Choosing the Right Database

Decision framework for selecting databases based on your requirements.

1The Tool Analogy

💡 Simple Analogy
You wouldn't use a hammer to cut wood or a saw to drive nails. Different tools for different jobs.

Databases are the same: PostgreSQL for complex queries, Redis for caching,MongoDB for flexible documents, Cassandra for massive writes.

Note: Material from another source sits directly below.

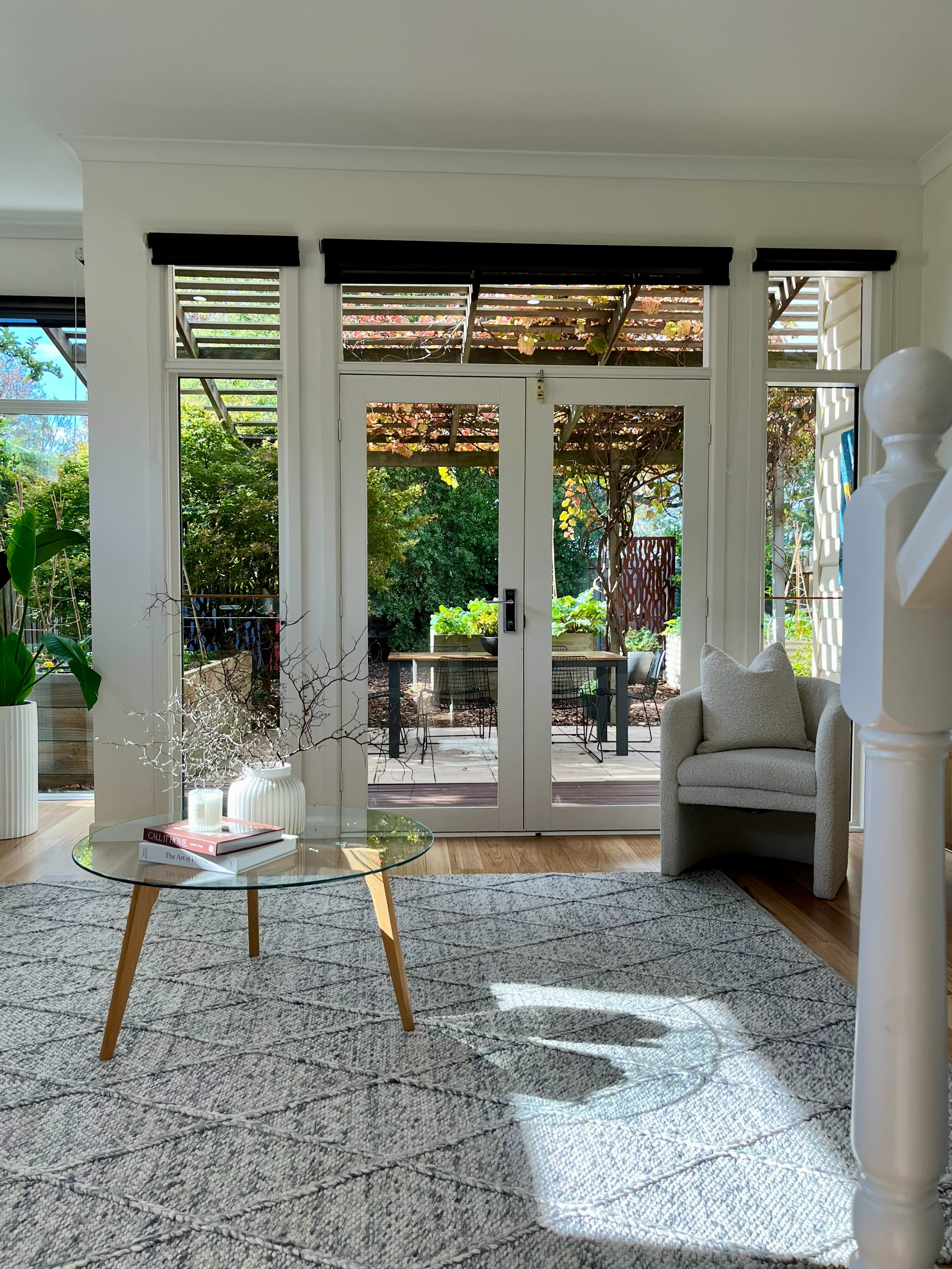 Completed lounge area of the Newport home looking out through repainted French doors to the garden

There's no "best" database—only the best for your specific use case.

2Decision Framework

Do you need ACID transactions?
Yes →SQL databases (PostgreSQL, MySQL)
No →Consider NoSQL for flexibility/scale
Is your schema well-defined and stable?
Yes →SQL databases
No →Document stores (MongoDB) for flexibility
Do you need complex queries with JOINs?
Yes →SQL databases
No →NoSQL can work with simple queries
Is write throughput critical (millions/sec)?
Yes →Wide-column (Cassandra) or Key-value (Redis)
No →Most databases will work
Do you need real-time, sub-millisecond reads?
Yes →In-memory (Redis, Memcached)
No →Disk-based databases are fine
Are you modeling relationships/graphs?
Yes →Graph database (Neo4j)
No →Relational or document stores

3Database by Use Case

E-commerce (orders, inventory)
PostgreSQL / MySQL
ACID for transactions, complex queries for reporting
Social media (posts, feeds)
PostgreSQL + Redis
SQL for relations, Redis for caching feeds
Real-time chat
Redis + PostgreSQL
Redis for presence/messages, SQL for history
IoT sensor data
TimescaleDB / InfluxDB
Time-series optimized, high write throughput
Content management
MongoDB
Flexible schema for varied content types
Session storage
Redis
Fast reads, built-in expiration
Search
Elasticsearch
Full-text search, relevance scoring
Recommendations
Neo4j + Redis
Graph for relationships, Redis for caching

4Quick Reference Table

DatabaseTypeBest ForAvoid When
PostgreSQLSQLComplex queries, JSON, GISNeed massive horizontal scale
MySQLSQLRead-heavy, web appsComplex JSON operations
MongoDBDocumentFlexible schema, rapid devComplex transactions
RedisKey-ValueCaching, sessions, queuesComplex queries, large data
CassandraWide-ColumnMassive writes, time-seriesAd-hoc queries, JOINs
DynamoDBKey-ValueServerless, auto-scaleComplex queries, cost-sensitive
Neo4jGraphRelationships, recommendationsSimple CRUD operations
ElasticsearchSearchFull-text search, logsPrimary data store

5Polyglot Persistence

Polyglot Persistence means using multiple databases in one system, each optimized for specific data types and access patterns.

Example: E-commerce Platform

PostgreSQL
Orders, users, products (ACID)
Redis
Sessions, cart, cache
Elasticsearch
Product search
S3
Product images
Complexity Trade-off

More databases = more operational complexity. Start simple (one SQL database), then add specialized databases as specific needs arise.

6Key Takeaways

1No "best" database—choose based on access patterns and requirements.
2Start with PostgreSQL for most applications—it handles 90% of cases.
3Add Redis when you need caching or fast ephemeral storage.
4Use specialized databases (Elasticsearch, Neo4j) for specific needs.
5Polyglot persistence: multiple databases for different data types.
6In interviews: explain WHY you chose a database, not just which one.